Instructions for the task:
For the string "Picture", find every matching line in the records and copy it.

Data provided:
:::

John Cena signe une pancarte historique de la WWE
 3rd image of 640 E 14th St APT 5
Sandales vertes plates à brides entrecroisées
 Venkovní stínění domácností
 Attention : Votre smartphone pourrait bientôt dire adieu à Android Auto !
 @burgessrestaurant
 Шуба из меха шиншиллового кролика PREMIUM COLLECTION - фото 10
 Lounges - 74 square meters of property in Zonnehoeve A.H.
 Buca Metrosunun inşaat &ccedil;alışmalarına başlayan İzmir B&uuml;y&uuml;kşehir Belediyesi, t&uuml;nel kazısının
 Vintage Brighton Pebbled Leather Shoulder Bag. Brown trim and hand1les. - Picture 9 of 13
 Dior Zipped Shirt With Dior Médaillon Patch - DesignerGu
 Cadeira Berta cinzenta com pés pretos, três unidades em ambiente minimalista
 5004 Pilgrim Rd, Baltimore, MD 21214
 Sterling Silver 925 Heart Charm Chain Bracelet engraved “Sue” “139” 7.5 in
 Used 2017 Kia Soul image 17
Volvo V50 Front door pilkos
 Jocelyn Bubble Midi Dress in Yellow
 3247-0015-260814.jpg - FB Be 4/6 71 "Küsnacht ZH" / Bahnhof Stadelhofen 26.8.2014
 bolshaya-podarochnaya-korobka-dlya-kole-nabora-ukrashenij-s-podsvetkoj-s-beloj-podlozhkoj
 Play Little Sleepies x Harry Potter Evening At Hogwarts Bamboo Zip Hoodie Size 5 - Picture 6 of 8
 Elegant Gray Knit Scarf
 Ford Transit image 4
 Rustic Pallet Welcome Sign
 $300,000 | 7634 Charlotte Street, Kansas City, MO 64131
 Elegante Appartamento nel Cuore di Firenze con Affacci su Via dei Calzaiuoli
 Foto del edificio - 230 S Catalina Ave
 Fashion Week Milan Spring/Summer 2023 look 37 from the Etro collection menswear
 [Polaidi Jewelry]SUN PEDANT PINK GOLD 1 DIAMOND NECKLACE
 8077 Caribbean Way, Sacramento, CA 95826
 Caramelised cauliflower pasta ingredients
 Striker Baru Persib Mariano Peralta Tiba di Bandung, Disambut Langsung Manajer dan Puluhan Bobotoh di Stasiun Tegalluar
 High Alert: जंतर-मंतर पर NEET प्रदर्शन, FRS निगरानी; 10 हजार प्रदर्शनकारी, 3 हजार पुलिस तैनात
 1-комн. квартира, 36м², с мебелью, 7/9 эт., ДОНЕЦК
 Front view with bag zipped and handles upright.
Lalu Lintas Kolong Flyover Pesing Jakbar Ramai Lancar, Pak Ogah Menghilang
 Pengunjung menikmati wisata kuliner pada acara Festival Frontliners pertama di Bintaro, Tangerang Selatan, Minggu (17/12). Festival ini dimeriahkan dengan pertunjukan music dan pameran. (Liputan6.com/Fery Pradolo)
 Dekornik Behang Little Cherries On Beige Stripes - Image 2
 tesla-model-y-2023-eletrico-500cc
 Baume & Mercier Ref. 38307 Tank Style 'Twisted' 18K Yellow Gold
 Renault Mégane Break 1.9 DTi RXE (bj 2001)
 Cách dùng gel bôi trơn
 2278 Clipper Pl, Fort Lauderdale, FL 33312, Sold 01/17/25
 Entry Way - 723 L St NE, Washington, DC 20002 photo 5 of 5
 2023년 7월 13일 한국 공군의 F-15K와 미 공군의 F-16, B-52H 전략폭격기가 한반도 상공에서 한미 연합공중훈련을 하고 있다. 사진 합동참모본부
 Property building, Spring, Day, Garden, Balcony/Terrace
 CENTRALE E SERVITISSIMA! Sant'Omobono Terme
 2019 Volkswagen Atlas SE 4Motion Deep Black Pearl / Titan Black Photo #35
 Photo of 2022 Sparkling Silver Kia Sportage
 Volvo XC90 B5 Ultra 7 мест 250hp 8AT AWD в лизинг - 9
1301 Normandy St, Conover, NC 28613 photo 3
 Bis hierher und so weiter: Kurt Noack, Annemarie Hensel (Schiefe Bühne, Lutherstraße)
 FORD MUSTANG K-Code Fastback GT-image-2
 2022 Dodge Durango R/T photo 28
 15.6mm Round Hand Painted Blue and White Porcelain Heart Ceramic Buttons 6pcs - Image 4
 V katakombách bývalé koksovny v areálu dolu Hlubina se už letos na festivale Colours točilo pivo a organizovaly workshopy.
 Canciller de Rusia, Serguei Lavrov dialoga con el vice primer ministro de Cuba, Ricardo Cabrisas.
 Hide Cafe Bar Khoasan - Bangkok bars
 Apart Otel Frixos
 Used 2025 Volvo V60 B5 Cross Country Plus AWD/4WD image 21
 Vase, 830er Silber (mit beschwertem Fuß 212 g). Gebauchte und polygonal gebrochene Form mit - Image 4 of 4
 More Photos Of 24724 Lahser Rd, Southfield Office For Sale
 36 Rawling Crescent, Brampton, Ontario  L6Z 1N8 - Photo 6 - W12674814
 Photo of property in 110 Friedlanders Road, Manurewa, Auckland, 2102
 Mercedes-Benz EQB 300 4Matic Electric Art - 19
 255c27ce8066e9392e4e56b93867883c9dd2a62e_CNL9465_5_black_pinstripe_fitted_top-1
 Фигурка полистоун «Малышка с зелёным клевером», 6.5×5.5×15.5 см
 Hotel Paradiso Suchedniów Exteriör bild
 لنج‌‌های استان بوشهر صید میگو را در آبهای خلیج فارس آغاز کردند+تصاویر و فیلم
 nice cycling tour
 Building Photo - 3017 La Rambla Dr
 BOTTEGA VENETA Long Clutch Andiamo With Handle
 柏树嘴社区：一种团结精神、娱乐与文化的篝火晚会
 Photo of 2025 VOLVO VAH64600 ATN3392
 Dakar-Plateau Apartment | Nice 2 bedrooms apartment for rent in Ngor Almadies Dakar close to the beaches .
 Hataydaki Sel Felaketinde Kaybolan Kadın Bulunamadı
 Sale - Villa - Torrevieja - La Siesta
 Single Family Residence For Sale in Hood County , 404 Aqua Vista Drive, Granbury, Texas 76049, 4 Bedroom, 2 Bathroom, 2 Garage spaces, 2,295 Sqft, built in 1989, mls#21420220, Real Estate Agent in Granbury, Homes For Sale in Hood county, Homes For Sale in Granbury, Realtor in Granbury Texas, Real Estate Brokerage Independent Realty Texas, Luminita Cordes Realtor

:::

Result of the task:
 Vintage Brighton Pebbled Leather Shoulder Bag. Brown trim and hand1les. - Picture 9 of 13
 Play Little Sleepies x Harry Potter Evening At Hogwarts Bamboo Zip Hoodie Size 5 - Picture 6 of 8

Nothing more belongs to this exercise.